Under the influence of the Alpac report, many countries' machine translation research moved to low tide, many machine translation research units have encountered the difficulties of administrative and funding, and the thermal trend of machine translation suddenly disappeared, there is an emergency. Available in the depression of the depression. However, although in the depression, France, Japan, Canada, etc., still insists on machine translation research, so in the early 1970s, the translation of machine translation has emerged. my country is the fourth country in the world after the United States, the Soviet Union, and the United Kingdom. Today, in the process of translation in machine translation, Japan in the process is only in 1958, starting machine translation, starting than my country. Compared with the development of foreign machine translation, my country's machine translation has a very special period-stagnation period due to the influence of the cultural revolution, in addition to the cultural revolutionary revolution, but also due to my country's machine translation In theoretical and methods, the substrate is very thin, and each period of my country's machine translation is slightly lag more than the same period of foreign machine translation. This is the characteristics of my country's machine translation development.
(1) Dragonfly (1956-1966)
During this period, Chinese scholars conducted a preliminary exploration and experiment of machine translation. In 1956, the country was included in the development plan of my country's scientific work and became a topic. The name of the topic is:
The Establishment of Machine Translation, the Establishment of Natural Language Translation Rule and Natural Language Mathematical Theory. 1957, China Academy of Sciences Language Institute, cooperated with the Research Institute to carry out Russian machine translation test, translated 9 different types, more complex sentences. In this grassroots, Beijing Foreign Language School, Beijing Russian College, Guangzhou South China Institute of Technology, Harbin Institute of Technology, also established a machine translation study group, carrying out Tests of Russian or English machine translation.
(2) Stopping (1966-1975)
During this period, there was no machine translation study and test in addition to theoretical exploration in extreme harsh conditions.
(3) Rehabilitation period (1975-1987)
During this period, my country's machine translation studies the revitalization of the burner and start recovery.
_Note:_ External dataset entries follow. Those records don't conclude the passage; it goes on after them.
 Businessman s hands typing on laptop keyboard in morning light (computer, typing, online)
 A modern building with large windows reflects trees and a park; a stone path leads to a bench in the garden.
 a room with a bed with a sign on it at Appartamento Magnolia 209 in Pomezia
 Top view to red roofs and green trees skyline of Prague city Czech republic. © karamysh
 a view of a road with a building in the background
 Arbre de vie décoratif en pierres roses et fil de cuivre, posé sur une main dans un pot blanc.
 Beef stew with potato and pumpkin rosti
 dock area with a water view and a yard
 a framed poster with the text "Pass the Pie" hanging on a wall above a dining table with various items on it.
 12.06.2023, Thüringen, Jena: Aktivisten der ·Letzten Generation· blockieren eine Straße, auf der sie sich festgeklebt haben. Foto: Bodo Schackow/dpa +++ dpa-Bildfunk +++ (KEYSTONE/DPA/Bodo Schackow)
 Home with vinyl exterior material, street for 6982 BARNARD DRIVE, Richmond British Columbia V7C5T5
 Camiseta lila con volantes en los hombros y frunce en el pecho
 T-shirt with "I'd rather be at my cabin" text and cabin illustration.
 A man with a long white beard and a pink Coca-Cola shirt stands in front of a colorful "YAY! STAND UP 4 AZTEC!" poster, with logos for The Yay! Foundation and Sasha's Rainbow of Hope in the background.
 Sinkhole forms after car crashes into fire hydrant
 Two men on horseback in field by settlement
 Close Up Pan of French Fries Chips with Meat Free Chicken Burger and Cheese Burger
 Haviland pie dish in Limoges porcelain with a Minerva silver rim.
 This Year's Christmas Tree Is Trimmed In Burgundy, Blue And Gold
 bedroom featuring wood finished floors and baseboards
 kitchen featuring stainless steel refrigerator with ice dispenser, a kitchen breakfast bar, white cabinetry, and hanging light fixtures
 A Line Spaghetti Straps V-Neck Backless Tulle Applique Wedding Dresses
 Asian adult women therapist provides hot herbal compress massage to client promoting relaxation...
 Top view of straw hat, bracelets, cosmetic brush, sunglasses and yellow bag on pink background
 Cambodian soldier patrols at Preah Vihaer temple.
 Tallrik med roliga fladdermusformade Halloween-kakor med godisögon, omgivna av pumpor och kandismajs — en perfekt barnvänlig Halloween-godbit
In November 1975, a machine translation collaborative study group composed of staff, language, and calculation, and a mitallurized entry of 5,000 units were established in China's Science and Technology Intelligence Research Institute. The translation scenario is paralleled. In May 1978, a sampling test was performed on the calculation of 111 machines, and 20 samples were achieved. During this period, Chinese scholars also conducted a certain effectiveness of the translation test of Fahan, German, Japan and Han-French / British / Day / Russian / DD multi-law. (4) Prosperity (1987 - now)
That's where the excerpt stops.